Summer at the Mann
Growing up, my summer weekends were often spent listening to the Cleveland Orchestra at Blossom Music Center, their outdoor home. My friends and I would join a festive line of cars snaking down a wooded lane, directed by parking attendants with flares and brown vests, to the graveled parking lots. We’d arrive early and wait with the crowds until the cedar gates opened. People would spread out blankets and picnic dinners on the immense sloping lawn to the concert pavilion –- the aroma of pate, cold roast chicken, and Chardonnay would scent the air. Under the stars and in the deepening twilight, the music sounded especially sublime.
Here in Philly, our hometown orchestra is away for most of the summer, but we do have the Mann Center, in Fairmount Park, where they play concerts in June, and where another Pennsylvania orchestra, the Pittsburgh Symphony, made a rare guest appearance this season. I’d been riveted by radio broadcasts of the Pittsburgh Symphony of late, so I got tickets and dragged my husband and friends along.
The Mann Center does not allow civilized noshing of one’s own gourmet items on the lawn – rather, one has to buy food purchased on the premises, like at a ballgame. So my friend Susan found a restaurant nearby which looked promising, though the surrounding neighborhood is rough. The Cochon Noir, we discovered, is a new jazz club which features ribs and Southern accompaniments. The owner, an elegant man in a three-piece suit, personally demonstrated how the properly cooked St. Louis-style barbecued rib should be chewy enough that one must “tug” the meat off the bone. Susan’s husband Ulf declared with some disappointment that, in his opinion, the ribs were tough. They were also mammoth. We put most of the ribs in a to-go container and made our way to the concert.
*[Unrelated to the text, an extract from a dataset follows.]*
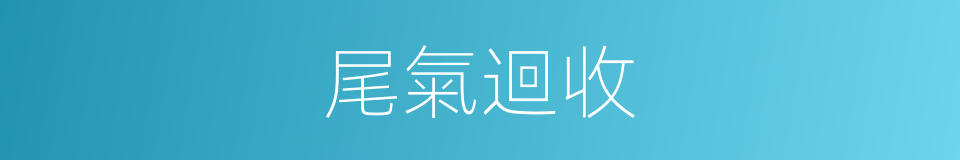 尾氣迴收的同義詞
Which was sublime. The Pittsburgh Symphony, directed by guest conductor Arild Remmereit, performed an all-Beethoven program, beginning with the Egmont Overture and ending with the Third Symphony. There is an intensity and energy at the core of Pittsburgh’s sound which is electrifying. Aside from some problems in the French horns (perhaps due to outdoor humidity) the winds produced a full, textured choir with gorgeous intonation.
Beethoven’s Third Piano Concerto featured teen pianist Teo Gheorghiu, a Swiss-Canadian of Romanian descent. Gheorghiu is an actor too, and played opposite Bruno Ganz in the movie Vitus, which is about, not surprisingly, a piano prodigy. Listening to him was like hearing a pianist of the old school with creamy tone, flawless phrasing and technique. His encore, Rachmaninoff’s transcription of Kreisler’s Liesbesleid, displayed an approach that was mature, without pretense, and beautiful.
At home the next day, we put the ribs in the slow cooker and let them bubble away for hours. They came out perfectly soft and edible, and at last, the food matched our satisfaction with the music.